2.2. Benefits of using SSSD
Using the System Security Services Daemon (SSSD) provides multiple benefits regarding user identity retrieval and user authentication.
- Offline authentication
- SSSD optionally keeps a cache of user identities and credentials retrieved from remote providers. In this setup, a user - provided they have already authenticated once against the remote provider at the start of the session - can successfully authenticate to resources even if the remote provider or the client are offline.
- A single user account: improved consistency of the authentication process
With SSSD, it is not necessary to maintain both a central account and a local user account for offline authentication. The conditions are:
- In a particular session, the user must have logged in at least once: the client must be connected to the remote provider when the user logs in for the first time.

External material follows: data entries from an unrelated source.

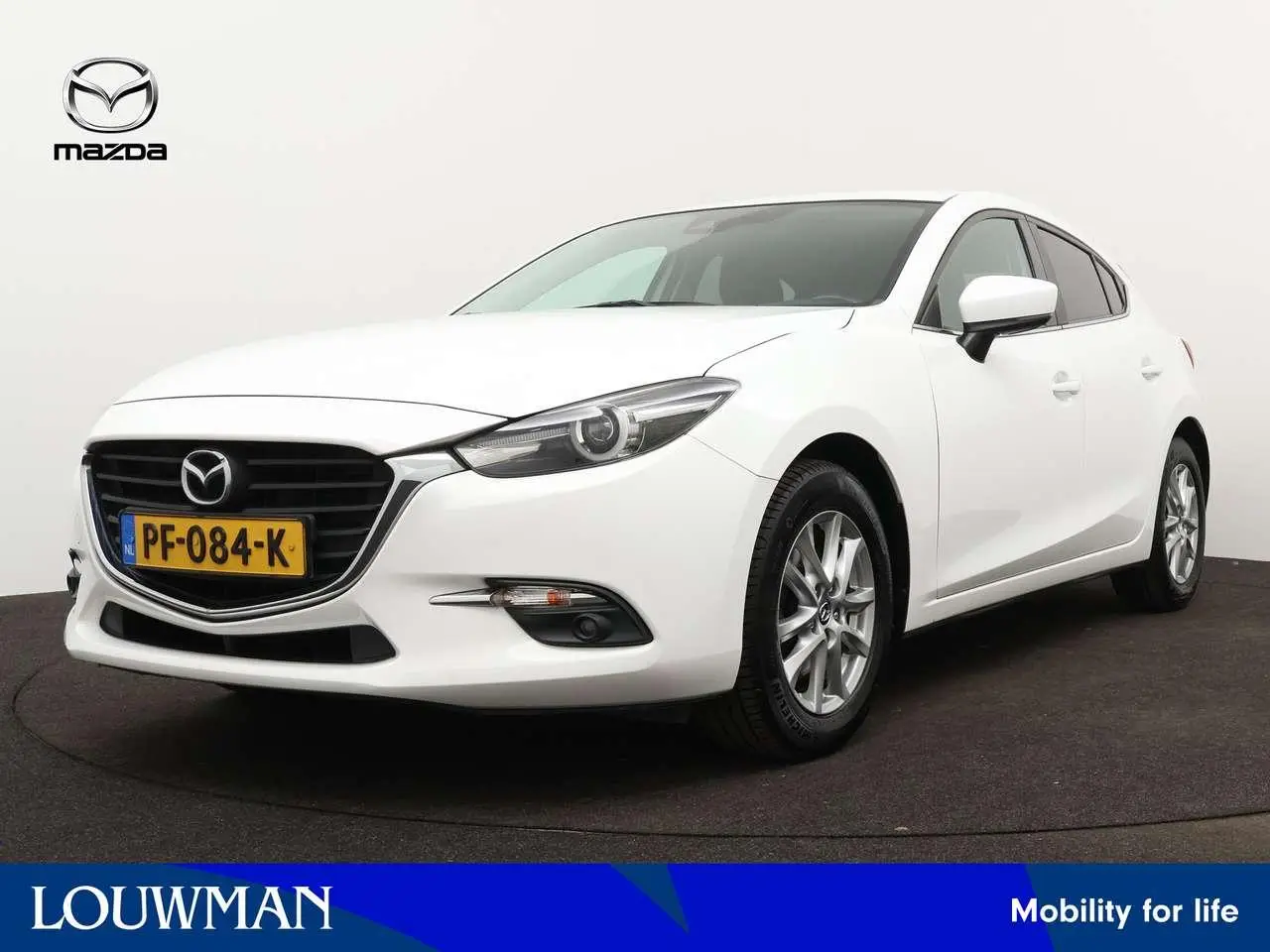 Photo 1 : Mazda 3 2017 Essence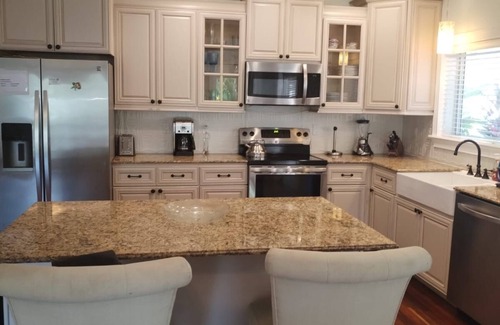 Palmetto Bay House | Paradise Found 3 bed 3 bath home with a pool @ Palmetto Bay
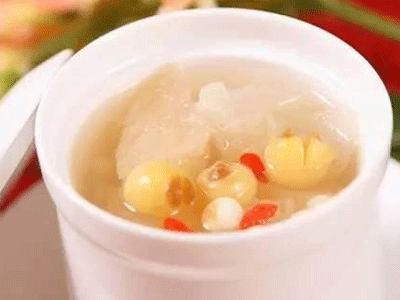 孕妇能喝银耳莲子汤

Caching must be enabled in SSSD.
Without SSSD, remote users often have multiple user accounts. For example, to connect to a virtual private network (VPN), remote users have one account for the local system and another account for the VPN system. In this scenario, you must first authenticate on the private network to fetch the user from the remote server and cache the user credentials locally.
With SSSD, thanks to caching and offline authentication, remote users can connect to network resources simply by authenticating to their local machine. SSSD then maintains their network credentials.
- Reduced load on identity and authentication providers
- When requesting information, the clients first check the local SSSD cache. SSSD contacts the remote providers only if the information is not available in the cache.